### TO DO
Take the entries that follow and return exactly the lines from the one holding "Self-Portrait - Taffeta" through the one holding "Lemaire women’s wide-leg", both included. Nothing else is needed.

DATA FOR THIS EXERCISE START

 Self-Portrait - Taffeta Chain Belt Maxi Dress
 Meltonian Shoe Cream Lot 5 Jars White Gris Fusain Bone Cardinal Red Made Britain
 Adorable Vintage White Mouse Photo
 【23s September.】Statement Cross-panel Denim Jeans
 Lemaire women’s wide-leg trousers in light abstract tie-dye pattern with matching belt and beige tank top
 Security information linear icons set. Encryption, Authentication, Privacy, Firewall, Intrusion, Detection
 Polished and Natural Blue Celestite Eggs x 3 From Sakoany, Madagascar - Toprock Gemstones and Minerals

DATA FOR THIS EXERCISE END
DATA FOR THIS EXERCISE START

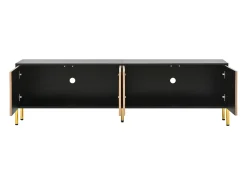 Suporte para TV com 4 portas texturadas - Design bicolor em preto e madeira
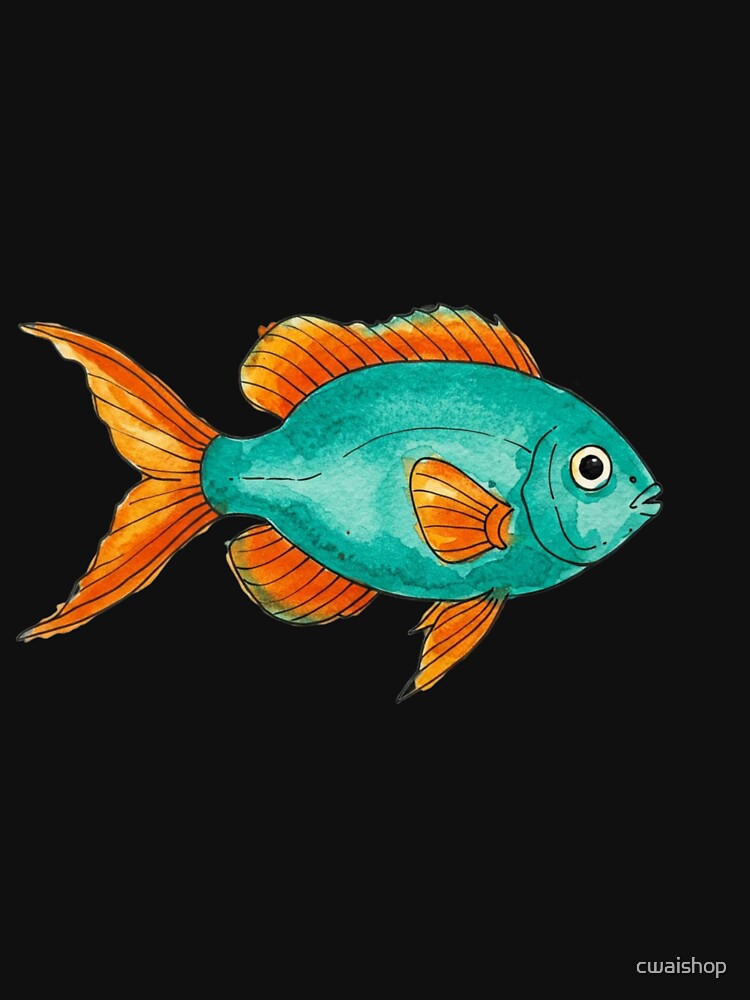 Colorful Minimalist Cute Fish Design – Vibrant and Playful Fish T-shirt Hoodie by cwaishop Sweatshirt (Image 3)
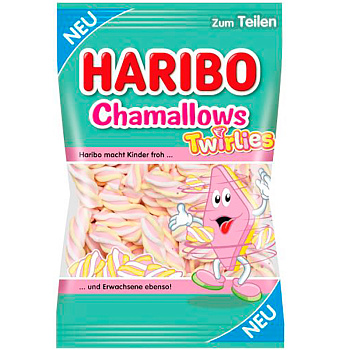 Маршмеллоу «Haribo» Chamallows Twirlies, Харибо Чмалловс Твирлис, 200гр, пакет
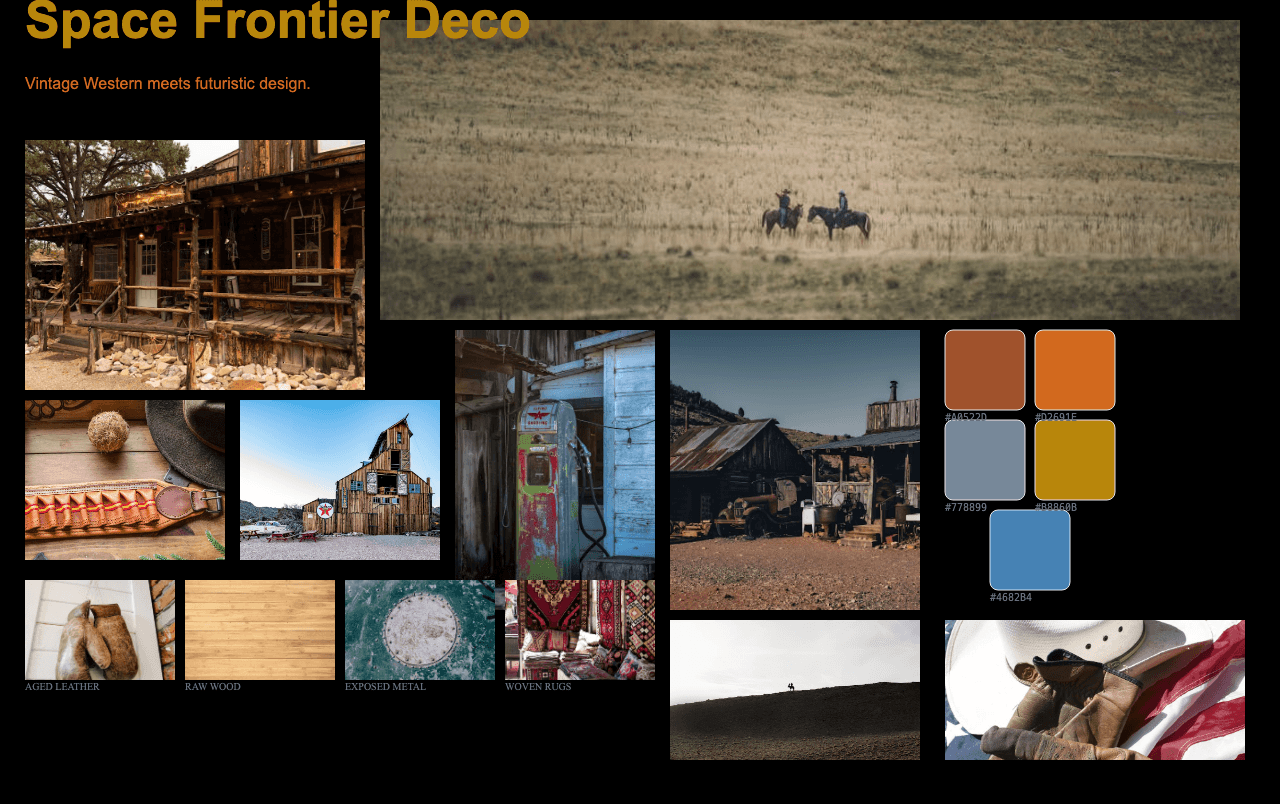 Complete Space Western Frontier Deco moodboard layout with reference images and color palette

DATA FOR THIS EXERCISE END

### RESULT OF THE TASK
 Self-Portrait - Taffeta Chain Belt Maxi Dress
 Meltonian Shoe Cream Lot 5 Jars White Gris Fusain Bone Cardinal Red Made Britain
 Adorable Vintage White Mouse Photo
 【23s September.】Statement Cross-panel Denim Jeans
 Lemaire women’s wide-leg trousers in light abstract tie-dye pattern with matching belt and beige tank top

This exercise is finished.